**Brief descriptive captions:**
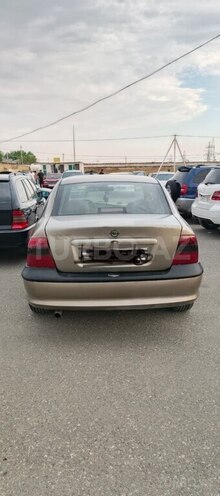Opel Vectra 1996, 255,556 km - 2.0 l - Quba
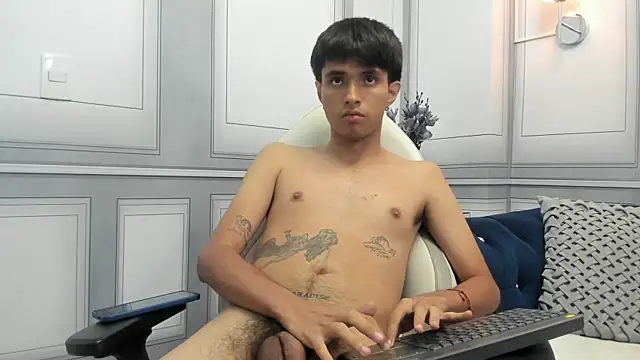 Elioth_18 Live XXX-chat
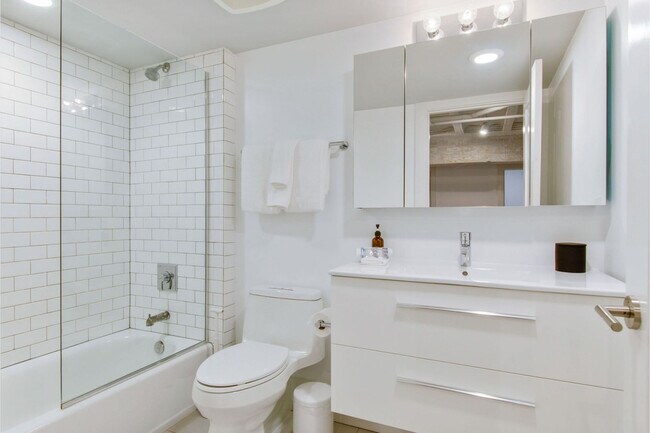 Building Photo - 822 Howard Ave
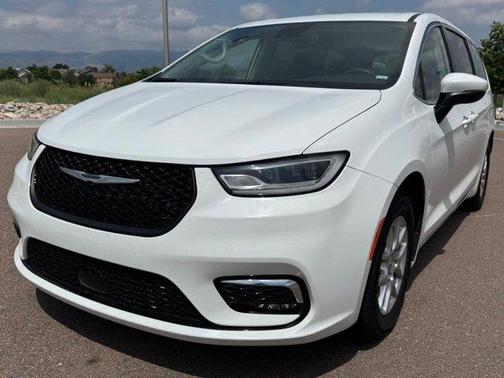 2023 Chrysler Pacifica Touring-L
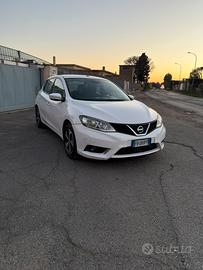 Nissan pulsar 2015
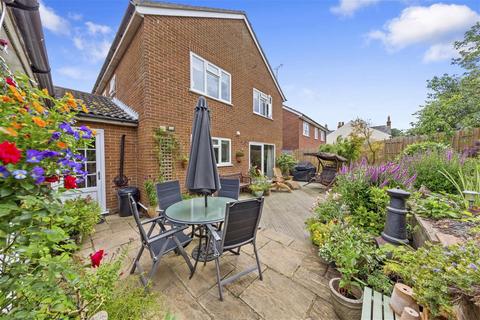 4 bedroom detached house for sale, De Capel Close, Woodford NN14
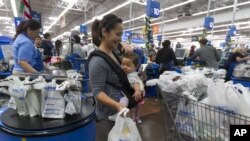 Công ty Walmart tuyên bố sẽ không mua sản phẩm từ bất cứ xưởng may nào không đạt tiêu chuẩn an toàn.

**TASK PROMPT:**
When you reach the line containing "Building Photo - 822 Howard Ave" in the entries above, please retype it and each line after it through the last one, exactly, without the pictures.

**SOLUTION BELOW:**
 Building Photo - 822 Howard Ave
 2023 Chrysler Pacifica Touring-L
 Nissan pulsar 2015
 4 bedroom detached house for sale, De Capel Close, Woodford NN14
 Công ty Walmart tuyên bố sẽ không mua sản phẩm từ bất cứ xưởng may nào không đạt tiêu chuẩn an toàn.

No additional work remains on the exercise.